START ENTRIES PROVIDED
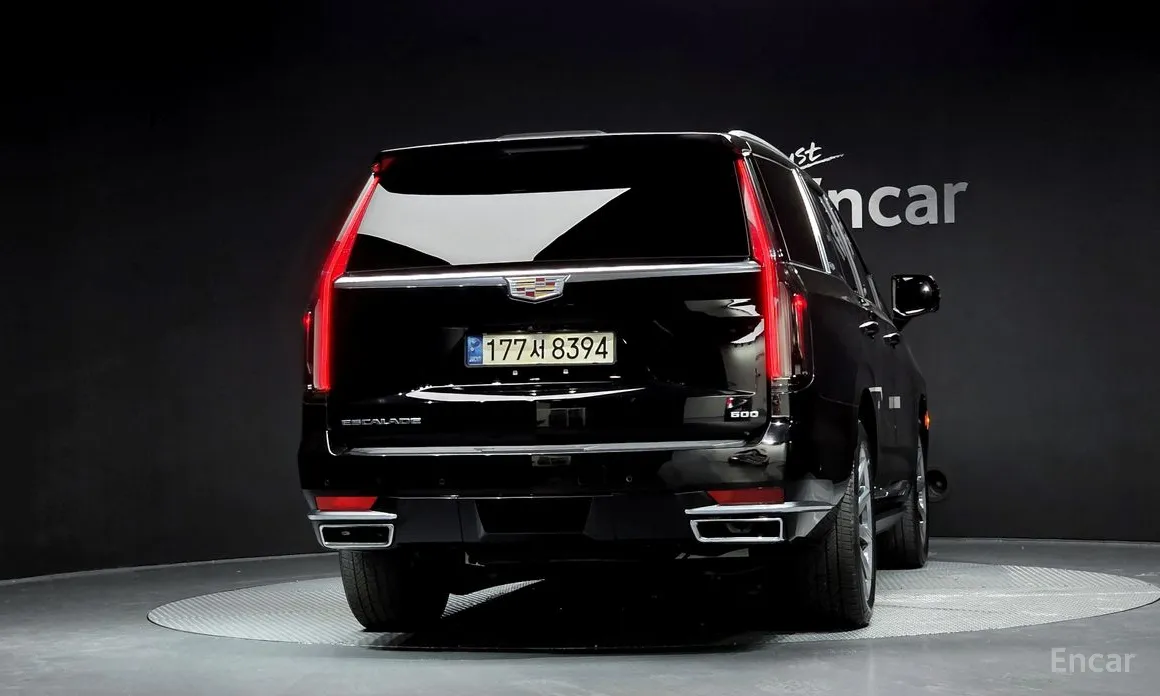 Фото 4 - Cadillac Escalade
END ENTRIES PROVIDED
START ENTRIES PROVIDED
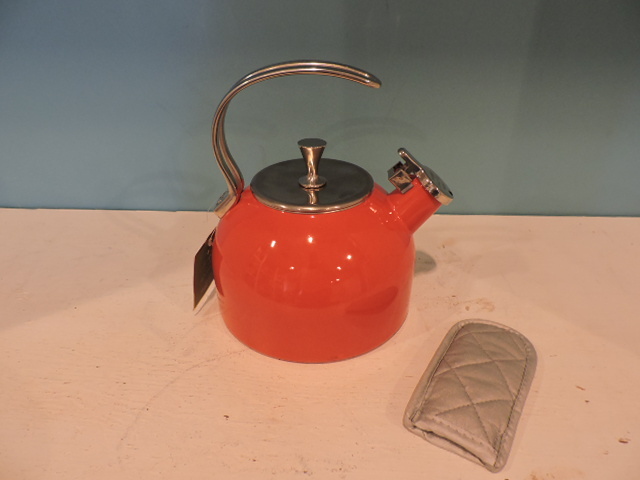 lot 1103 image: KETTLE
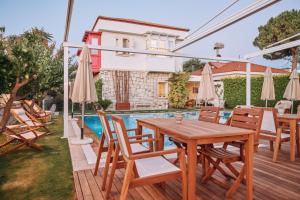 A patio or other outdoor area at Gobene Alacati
END ENTRIES PROVIDED
START ENTRIES PROVIDED
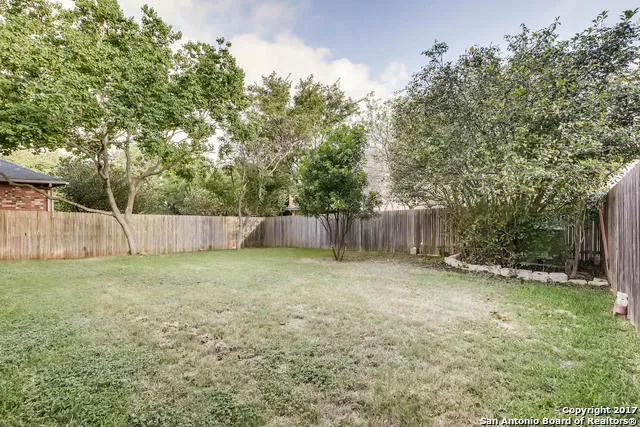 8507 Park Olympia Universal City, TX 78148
END ENTRIES PROVIDED
> _ABOUT THIS EXERCISE_: In the listing above, find the line with "lot 1103 image: KETTLE" and the line with "A patio or other". Transcribe those two and everything between, exactly, leaving out pictures.

> _SOLUTION BELOW_:
 lot 1103 image: KETTLE
 A patio or other outdoor area at Gobene Alacati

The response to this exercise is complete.